2. Genomic Context — Variations are localized using reference sequence coordinates (chromosome, position, strand orientation). The model supports both assembly-specific coordinates (e.g., GRCh38) and locus-based descriptions, enabling cross-reference between genome builds.
3. Allele and Genotype Information — For each variation, the observed alleles, their frequencies in studied populations, and individual genotype data are captured. The model supports bi-allelic and multi-allelic variations, with explicit encoding of allele phases where known.
4. Sample and Population Metadata — Crucial for research validity, the model captures details about the samples studied, including population origin, sample size, genotyping platform, and quality metrics. This enables consumers of GSVML data to assess data quality and relevance to their own research questions.
5. Clinical Annotations — Where available, clinical significance, associated phenotypes, drug response correlations, and literature references are linked to each variation. This clinical dimension distinguishes GSVML from purely research-oriented genomic formats.
The GSVML development process (Clause 6) followed a rigorous methodology beginning with use case analysis from the Japanese Millennium Project and HL7 Clinical Genomics Special Interest Group. Three primary use cases drove the specification:
Pharmacogenomic Data Exchange — Enabling the transfer of patient genotype data between clinical laboratories and prescribing physicians. For example, a laboratory might generate CYP2C9 and VKORC1 genotype data to guide warfarin dosing, and transmit this data in GSVML format to the electronic health record system.

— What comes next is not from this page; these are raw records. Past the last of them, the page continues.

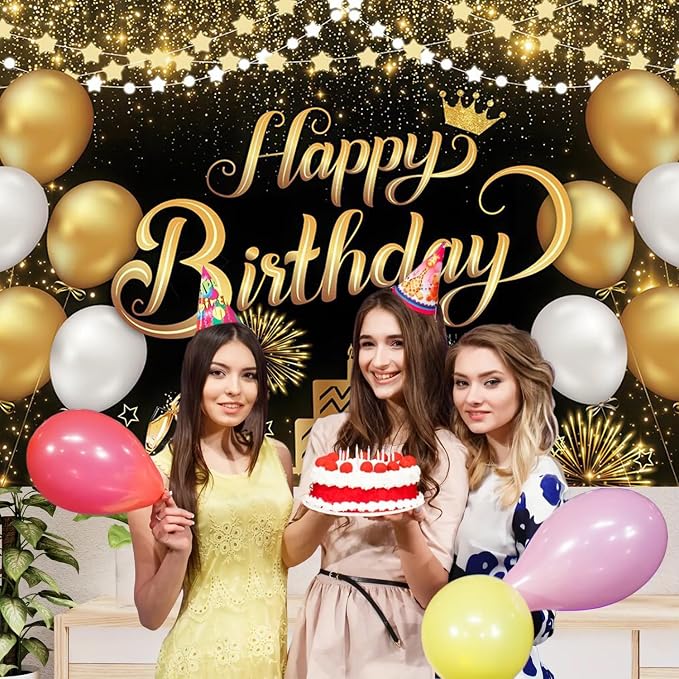 Happy Birthday Backdrop 10x8ft For Men Women Boys Girls Black and Gold Happy Birthday Sign Wall Banner Decorations Large Birthday Party Photo Background Poster Supplies Polyester Fabric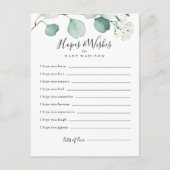 Groene Eucalyptus Baby shower Hoppen & Vernissen C Briefkaart (Voorkant)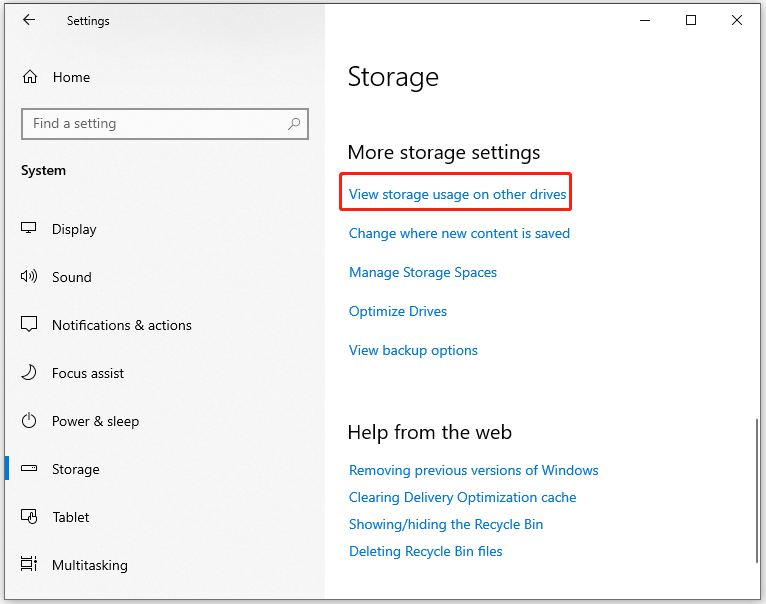 view storage usage on other drives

Population Genetics Research — Supporting the aggregation of SNP frequency data across multiple studies and populations. GSVML enables meta-analyses by providing a common format for allele frequency reports, facilitating large-scale genome-wide association studies (GWAS).

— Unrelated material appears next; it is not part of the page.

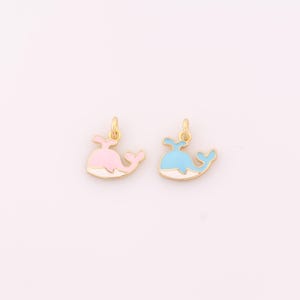 1 colgante de ballena esmaltado en oro de 18 quilates, abalorio de vida marina, dijes de ballena para hacer pulseras, collares y bisutería.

Diagnostic Genomic Reporting — Standardizing the format for reporting clinically actionable genetic findings from diagnostic laboratories to healthcare providers. This use case requires the integration of variation data with clinical interpretations, therapeutic recommendations, and references to evidence sources.
| Use Case | Data Volume | Key GSVML Features | Primary Users |
|---|---|---|---|
| Pharmacogenomics | Low (specific gene panels) | Clinical annotations, drug associations | Clinical labs, physicians |
| Population research | High (genome-wide) | Frequency data, population metadata | Research institutions |
| Diagnostic reporting | Medium (targeted panels) | Phenotype links, evidence references | Diagnostic labs, genetic counselors |
| Database aggregation | Very high (multi-study) | Provenance tracking, quality metrics | Bioinformatics platforms |
For engineers implementing GSVML-compatible systems, several architectural considerations emerge. The XML Schema validation provides robust input checking, but for high-throughput production systems, binary encoding or compression should be considered — GSVML documents can be verbose, particularly when transmitting genome-wide variation data for thousands of samples.
API design around GSVML should consider that genomic data consumers have diverse needs. Some applications require real-time query of specific variants; others need batch import of large datasets. The standard defines the data format but not the transport mechanism, leaving implementers free to choose REST APIs, message queues, or file-based exchange as appropriate.
For long-term system architecture, consider that genomic knowledge evolves rapidly. A variant classified as benign today may be reclassified as pathogenic tomorrow. GSVML documents should include version metadata and support for annotation updates, enabling consuming systems to track the provenance of clinical interpretations over time.